Chocolate-coating machines serve, as is known, to coat articles, such as chocolates, bars, biscuits or cakes, with chocolate either partially or completely. In general, the article runs through a thick curtain of chocolate which covers the surface and the vertical sides. A base wall can also be present to bring the chocolate to the bases of the articles. The articles are thus flooded by the liquid chocolate. A blow-off device and a shaking device provided underneath part of the grating belt ensure removal of excess liquid chocolate from the article, whilst leaving the desired coating of chocolate. As a rule, the blowoff device as well as the shaking device can be regulated in order to adapt them to the performance requirement and the desired wall thickness of the coating, respectively. It depends on the blow-off device on the one hand and the shaking device on the other hand whether all articles, seen over the entire working width of the grating belt of a coating machine and also in running direction, are always coated in the same manner, thus have a chocolate component which is constant in terms of quantity. The maintenance of this condition is extremely important for reasons of quality and costs, because the coating is usually the most expensive part of the end product produced from the article.
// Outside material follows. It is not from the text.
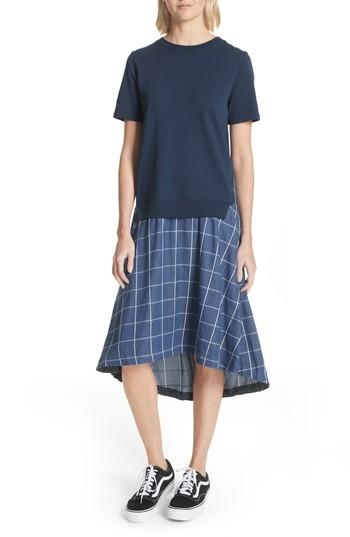 Women's Clu Mixed Media A-line Midi Dress - Blue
In a known chocolate-coating machine of the above-described kind, a shaking device is arranged in a region below the upper run of the grating belt and includes a shaker grating which is mounted in fixedly located side cheeks to be limitedly pivotable about an axle arranged transversely to the running direction of the belt. The grating consists of a plurality of longitudinal rods, thus rods extending in running direction of the belt, which are arranged at spacings and parallel to each other over the working width of the belt. During circulation the belt comes into contact with the surface of these longitudinal rods. The longitudinal rods are mostly mounted on two transverse rods, which serve to keep the longitudinal rods at a spacing and to connect them to the grating. The transverse rods lie underneath the plane formed by the surface of the longitudinal rods, so that the underside of the belt does not come into contact with the transverse rods. When operating with such a grating, an appreciable proportion of the articles, which are coated while lying on the belt in rows one beside the other, will be disposed in the region of the longitudinal rods. Some chocolate in the base region is wiped off any articles moving on the belt above the longitudinal rods. Such articles thereby receive a many cases, unsightly hollow spaces additionally appear at the bases of the articles. A further appreciable disadvantage has resulted in the course of time by the fact that coating machines are increasing in width. Whilst the maximum working widths were once 1000 to 1200 millimetres, the width nowadays is about 2000 millimetres. These large working widths require reinforcement of the grating, which means a disadvantageous increase in weight. Moreover, there may be increased wear of the shaker wheels which set the grating into a vibration with substantial vertical component about the horizontal axle. There can also be resonant oscillation of the grating in the case of large working widths, especially in the middle region with respect to the running direction of the belt, so that the shaken-off quantity of chocolate in the middle region of the belt is different from that in the side regions.
In order to counteract these disadvantages, it has been attempted to stiffen the grating by additional transverse rods, which were loaded onto the s aced longitudinal rods and which had the form of round rods of steel. Since these additional transverse rods were arranged on the longitudinal rods to be protruding upwardly, the underside of the belt came into contact only with the additional transverse rods. This resulted in a uniform appearance of the base of the articles. However, the weight of the grating was thereby increased and the problems of wear and resonant oscillations also increased. A high weight or a large mass of the grating also has a disadvantageous effect on the usable shaking frequency. Frequencies in the order of 300 strokes per minute are used. An increase in the rotational speed of the shaker wheels causes them to jump over individual teeth of the shaker pins arranged at the grating.